SPLIT

First things first: Split is not a film about mental illness, it’s a thriller.

Those hoping for Hollywood to finally do Dissociative Identity Disorder some semblance of justice, following decades of films featuring more than one personality per cast member, will be sorely disappointed. The linking of the mental condition with inherently widely disparate personalities and violent/sociopathic characters, in this case James McAvoy’s Kevin, if good fodder for a couple of hour’s entertainment like most films is anything but realistic.

Now on to the movie. Having achieved a return to form with last year’s marvellous back-to-basics shocker The Visit, Director M. Night Shyamalan’s much-anticipated Split, if thrilling, is, regrettably, not very scary. Similarly a bottle-shocker with characters you can count on your fingers, (not counting, of course, Kevin’s 23, and perhaps 24 distinct identities), Kevin’s personality ‘horde’ kidnaps three young women, holding them in anticipation of the arrival of something called ‘the Beast.’ Casey, the outsider amongst them (break-out talent Anya Taylor-Joy), attempts to communicate with any or all of Kevin’s personalities, while her fellow detainees try to break out.
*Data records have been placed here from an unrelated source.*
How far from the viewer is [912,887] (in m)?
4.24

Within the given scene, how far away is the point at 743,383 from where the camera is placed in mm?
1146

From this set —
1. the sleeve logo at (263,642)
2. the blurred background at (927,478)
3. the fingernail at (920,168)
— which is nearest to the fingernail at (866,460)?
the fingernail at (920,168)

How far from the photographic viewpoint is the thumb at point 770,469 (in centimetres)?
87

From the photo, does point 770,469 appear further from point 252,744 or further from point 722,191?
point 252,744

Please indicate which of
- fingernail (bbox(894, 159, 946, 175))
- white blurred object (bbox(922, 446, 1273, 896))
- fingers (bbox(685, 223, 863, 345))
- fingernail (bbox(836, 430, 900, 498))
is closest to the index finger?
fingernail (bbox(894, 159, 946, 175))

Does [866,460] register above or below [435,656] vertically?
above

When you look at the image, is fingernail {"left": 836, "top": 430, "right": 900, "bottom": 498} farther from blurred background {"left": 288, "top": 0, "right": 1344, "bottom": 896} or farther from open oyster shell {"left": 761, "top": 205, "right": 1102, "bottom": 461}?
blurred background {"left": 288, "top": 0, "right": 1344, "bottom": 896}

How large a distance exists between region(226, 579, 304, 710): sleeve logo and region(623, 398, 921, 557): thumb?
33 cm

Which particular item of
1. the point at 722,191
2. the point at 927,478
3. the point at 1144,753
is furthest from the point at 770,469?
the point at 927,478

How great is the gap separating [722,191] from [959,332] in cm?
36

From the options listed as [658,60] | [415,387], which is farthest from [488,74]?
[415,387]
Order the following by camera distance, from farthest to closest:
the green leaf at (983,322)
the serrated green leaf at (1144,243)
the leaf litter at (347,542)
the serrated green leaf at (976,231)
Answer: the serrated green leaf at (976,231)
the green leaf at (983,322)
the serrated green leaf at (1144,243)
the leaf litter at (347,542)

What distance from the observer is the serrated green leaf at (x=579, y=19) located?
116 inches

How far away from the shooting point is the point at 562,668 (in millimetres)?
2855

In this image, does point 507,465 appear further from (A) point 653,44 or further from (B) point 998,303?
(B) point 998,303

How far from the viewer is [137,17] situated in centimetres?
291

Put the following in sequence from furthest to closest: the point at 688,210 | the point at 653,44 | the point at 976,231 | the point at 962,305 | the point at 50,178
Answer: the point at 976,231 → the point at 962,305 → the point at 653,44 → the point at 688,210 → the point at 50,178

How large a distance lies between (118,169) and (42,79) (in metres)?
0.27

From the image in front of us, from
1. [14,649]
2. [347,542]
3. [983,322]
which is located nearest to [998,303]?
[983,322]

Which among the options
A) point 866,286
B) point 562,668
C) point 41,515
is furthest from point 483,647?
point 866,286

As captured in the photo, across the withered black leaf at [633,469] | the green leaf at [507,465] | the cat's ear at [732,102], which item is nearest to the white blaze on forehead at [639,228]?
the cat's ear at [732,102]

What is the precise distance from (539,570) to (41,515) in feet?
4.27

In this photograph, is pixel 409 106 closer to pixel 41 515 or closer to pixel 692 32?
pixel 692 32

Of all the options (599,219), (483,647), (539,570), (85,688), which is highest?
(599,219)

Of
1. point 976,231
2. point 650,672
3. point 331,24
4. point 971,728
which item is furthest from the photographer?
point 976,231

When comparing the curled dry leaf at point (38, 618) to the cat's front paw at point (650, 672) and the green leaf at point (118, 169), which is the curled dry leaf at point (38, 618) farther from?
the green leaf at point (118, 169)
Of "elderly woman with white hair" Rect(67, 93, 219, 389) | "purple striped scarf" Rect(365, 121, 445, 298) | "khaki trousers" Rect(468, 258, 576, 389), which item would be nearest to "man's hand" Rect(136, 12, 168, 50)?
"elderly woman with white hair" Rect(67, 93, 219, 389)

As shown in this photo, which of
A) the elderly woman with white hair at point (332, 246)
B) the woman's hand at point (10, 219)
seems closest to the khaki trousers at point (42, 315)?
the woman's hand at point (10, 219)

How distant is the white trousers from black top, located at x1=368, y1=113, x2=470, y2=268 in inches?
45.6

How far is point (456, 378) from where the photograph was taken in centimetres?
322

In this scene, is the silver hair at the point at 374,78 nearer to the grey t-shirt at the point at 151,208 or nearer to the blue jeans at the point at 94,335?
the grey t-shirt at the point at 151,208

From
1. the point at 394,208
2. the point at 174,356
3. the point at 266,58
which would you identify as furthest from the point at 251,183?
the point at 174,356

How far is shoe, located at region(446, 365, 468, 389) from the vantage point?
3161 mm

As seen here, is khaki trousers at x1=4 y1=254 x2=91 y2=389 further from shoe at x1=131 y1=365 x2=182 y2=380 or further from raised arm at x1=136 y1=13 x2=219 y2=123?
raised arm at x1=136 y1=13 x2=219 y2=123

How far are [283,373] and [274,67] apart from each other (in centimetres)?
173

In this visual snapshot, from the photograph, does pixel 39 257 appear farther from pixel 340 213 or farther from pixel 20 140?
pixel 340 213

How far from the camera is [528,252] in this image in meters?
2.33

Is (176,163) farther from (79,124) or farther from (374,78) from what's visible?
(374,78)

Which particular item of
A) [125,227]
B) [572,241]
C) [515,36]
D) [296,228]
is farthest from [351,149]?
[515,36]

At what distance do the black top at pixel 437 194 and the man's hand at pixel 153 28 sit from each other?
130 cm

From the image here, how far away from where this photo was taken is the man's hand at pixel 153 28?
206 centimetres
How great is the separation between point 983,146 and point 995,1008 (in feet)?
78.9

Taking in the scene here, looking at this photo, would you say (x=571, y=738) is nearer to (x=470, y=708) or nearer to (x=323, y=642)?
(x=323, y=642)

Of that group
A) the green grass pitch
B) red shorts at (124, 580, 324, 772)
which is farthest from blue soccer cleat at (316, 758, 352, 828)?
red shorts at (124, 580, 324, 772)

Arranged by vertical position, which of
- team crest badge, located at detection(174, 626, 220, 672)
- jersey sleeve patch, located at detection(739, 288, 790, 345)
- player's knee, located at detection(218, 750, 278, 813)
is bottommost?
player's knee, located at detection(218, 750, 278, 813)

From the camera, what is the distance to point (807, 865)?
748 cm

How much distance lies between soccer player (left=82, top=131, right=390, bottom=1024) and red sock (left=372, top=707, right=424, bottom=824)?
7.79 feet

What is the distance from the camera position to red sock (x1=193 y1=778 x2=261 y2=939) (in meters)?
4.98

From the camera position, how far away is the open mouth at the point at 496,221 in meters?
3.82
With none among the three given too much opportunity for range beyond being perpetually frightened or facilitating the unfurling of Kevin’s many personas, the Morgan star nevertheless champions a deceptively complex character with which Shyamalan, in the film’s later stages, makes extremely strained attempts to draw parallels with Split’s central figure, without which the film would not be nearly as compelling.  Obsessed with pseudo-exploring the intricacies of Kevin’s condition rather than actually creating suspense or scares, of which there are few, with his psychiatrist Dr Fletcher (Betty Buckley) literally staging a Skype lecture to explain aspects of Kevin’s condition, Split falls into the trap perhaps inevitable in the case of Psycho of having to pause the action for lengths to explain just what the filmmakers are trying to achieve.

Today’s filmic audience however, unlike 50 years ago, are much more accustomed to psychological thrillers and speculative pop-psychology, and could easily have done without the lengthy exposition and therapy sessions; the backgrounder on Kevin and the less expected plot developments, more akin to science-fiction fare than a straight up thriller, being covered to great effect through a simple exchange between Kevin and his Doctor in the film’s penultimate stage. Similarly, Casey’s backstory, told sparingly through flashbacks and central to the film’s conclusion, could more than ably have been implied, if inexplicitly, through her reactions to Kevin and the others and the events of the film’s final sequence; Shyamalan’s chosen narrative device instead breaking up the tension and negating the promise of the kind of suspense-laden denouement evidenced in his earlier achievements.

Best when McAvoy is left to his devices or draws on his character’s comedic edge, his cycling through Kevin’s personalities over only a matter of minutes in one sequence offers a glimpse of what the film could have been should Split’s focus have been less on the implications of Kevin’s condition and more about the mesmerising interactions between the few cast members.

The surprise concluding scene, which will either produce a groan or a cheer depending on your view of Shyamalan’s body of work, and certainly the latter for this author, like Split’s trailer promises a great deal more than Shyamalan can necessarily, but will hopefully deliver in his, inevitably imminent, future projects.